This afternoon Mr Dillner said choosing not to appeal was the 'sensible' thing to do having exhausted all legal avenues, and the campaign would now focus on highlighting things the council would find 'impossible to defend'.
He added: "We discussed at great length the actual chance of us securing leave to appeal in the first place - whether sufficient legal grounds existed, and whether the judge had made any mistakes.
"There were a couple of items that were debatable, but having considered the options, and because we realise what the extra cost would amount to, we considered our own position in respect of that.
"We also discussed what the council has already spent and decided that discretion was going to be the better part of valour. We decided that would be the most sensible course of action."

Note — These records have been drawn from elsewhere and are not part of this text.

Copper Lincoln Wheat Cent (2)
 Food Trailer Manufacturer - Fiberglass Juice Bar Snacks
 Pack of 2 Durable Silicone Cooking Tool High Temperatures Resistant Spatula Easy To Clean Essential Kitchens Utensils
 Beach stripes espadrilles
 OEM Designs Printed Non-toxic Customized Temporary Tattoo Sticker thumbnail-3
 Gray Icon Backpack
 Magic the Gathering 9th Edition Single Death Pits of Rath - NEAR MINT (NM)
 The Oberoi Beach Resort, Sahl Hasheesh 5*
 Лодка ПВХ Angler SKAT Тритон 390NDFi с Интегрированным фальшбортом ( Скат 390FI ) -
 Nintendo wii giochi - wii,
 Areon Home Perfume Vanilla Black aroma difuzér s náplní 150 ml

Mr Dillner also said legal costs had been 'mutually agreed' with the council. Earlier this week the authority said it planned to pursue full costs and damages, which could have meant campaigners having to find hundreds of thousands of pounds between them.
The council said it welcomed the decision.
Today's decision means the campaigners will, from 11.59pm on Tuesday, be legally forbidden from:
- Entering any safety zone put up around any tree within the Sheffield city boundary.
- Seeking to prevent any safety zone from being put up.
- Remaining in a safety zone after it is put up.
- Knowingly leaving a vehicle in a safety zone or intentionally putting one somewhere to stop a safety zone being put up.
They are also forbidden from encouraging anyone else to do the same, including on social media.
The judge also granted the council an injunction against 'persons unknown', which means the same legal threat applies to anyone breaking the same conditions imposed on the three named campaigners.
Mr Dillner said the campaign - which had been sending out alerts over social media encouraging people to protest whenever tree felling crews were spotted - would now change its tactics.
"Now the campaign will change focus and concentrate on making the wider Sheffield public aware of the implications of the decision to carry on and take the other 400 or so trees by the end of the year," said Mr Dillner.
The council has promised to accelerate the felling and replacement work, alongside road and pavement resurfacing and street light replacement, so it the demands of the contract's five year 'core investment period' are met by the end of the year.
The authority is cutting down and replacing 6,000 of the city's 36,000 street trees.
The council says Sheffield will face serious financial and environmental consequences if the work is not done on time.
Mr Dillner added: "The legal options have now been exhausted. We will now focus on those issues that we 100 per cent believe the council will find it impossible to defend.
"The most obvious one is the often-repeated mantra that felling is always the last resort - and it absolutely isn't.
"We will be out to prove how false that is."
The council's director of culture and environment Paul Billington said: “We welcome the decision by the defendants not to appeal the court’s decision and to accept the terms of the injunction.
"Having heard the arguments, a senior High Court judge has ruled that no-one should trespass inside any tree-felling safety zone and we hope that everyone will respect the law.
“We are pleased that we can now get on with our lawful work, as we have wanted to do for some time.”
The council confirmed it had reached an agreement on costs but said it would remain confidential.